Re: getdents - ext4 vs btrfs performance

2012-02-29 Thread Jacek Luczak
2012/2/29 Jacek Luczak difrost.ker...@gmail.com:
 Hi Chris,

 the last one was borked :) Please check this one.

 -jacek

 2012/2/29 Jacek Luczak difrost.ker...@gmail.com:
 Hi All,

 /*Sorry for sending incomplete email, hit wrong button :) I guess I
 can't use Gmail */

 Long story short: We've found that operations on a directory structure
 holding many dirs takes ages on ext4.

 The Question: Why there's that huge difference in ext4 and btrfs? See
 below test results for real values.

 Background: I had to backup a Jenkins directory holding workspace for
 few projects which were co from svn (implies lot of extra .svn dirs).
 The copy takes lot of time (at least more than I've expected) and
 process was mostly in D (disk sleep). I've dig more and done some
 extra test to see if this is not a regression on block/fs site. To
 isolate the issue I've also performed same tests on btrfs.

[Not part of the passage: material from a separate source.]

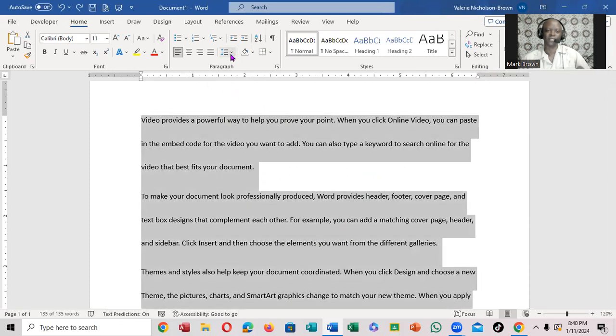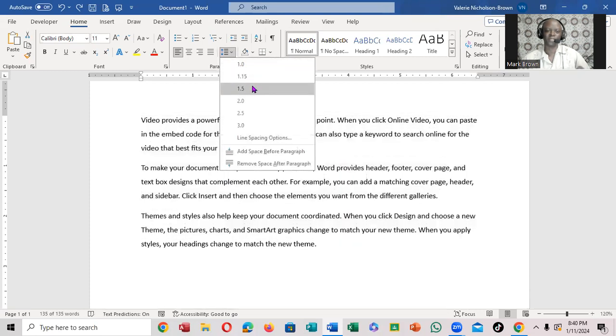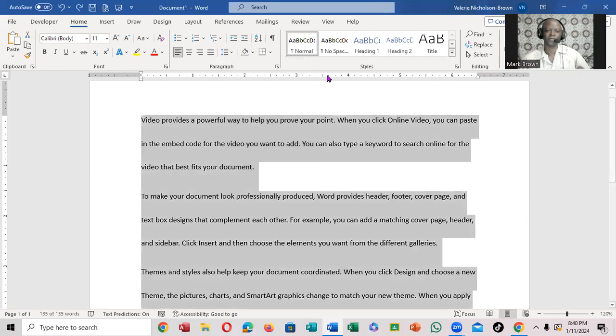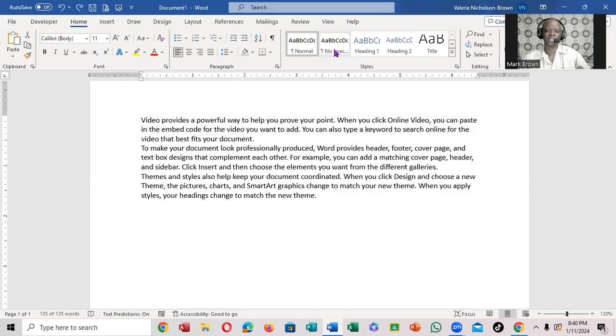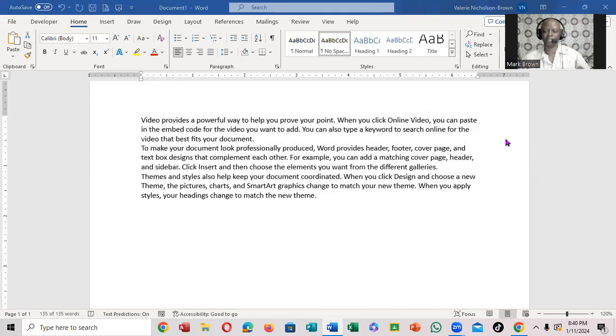We can actually come right here to do that, but I'm not going to go there. I'm going to come right up here that says Style and click on No Space, and notice everything. So that's how you adjust your paragraph spacing. Thanks for watching. See you in the next video.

 Test environment configuration:
 1) HW: HP ProLiant BL460 G6, 48 GB of memory, 2x 6 core Intel X5670 HT
 enabled, Smart Array P410i, RAID 1 on top of 2x 10K RPM SAS HDDs.
 2) Kernels: All tests were done on following kernels:
  - 2.6.39.4-3 -- the build ID (3) is used here for internal tacking of
 config changes mostly. In -3 we've introduced ,,fix readahead pipeline
 break caused by block plug'' patch. Otherwise it's pure 2.6.39.4.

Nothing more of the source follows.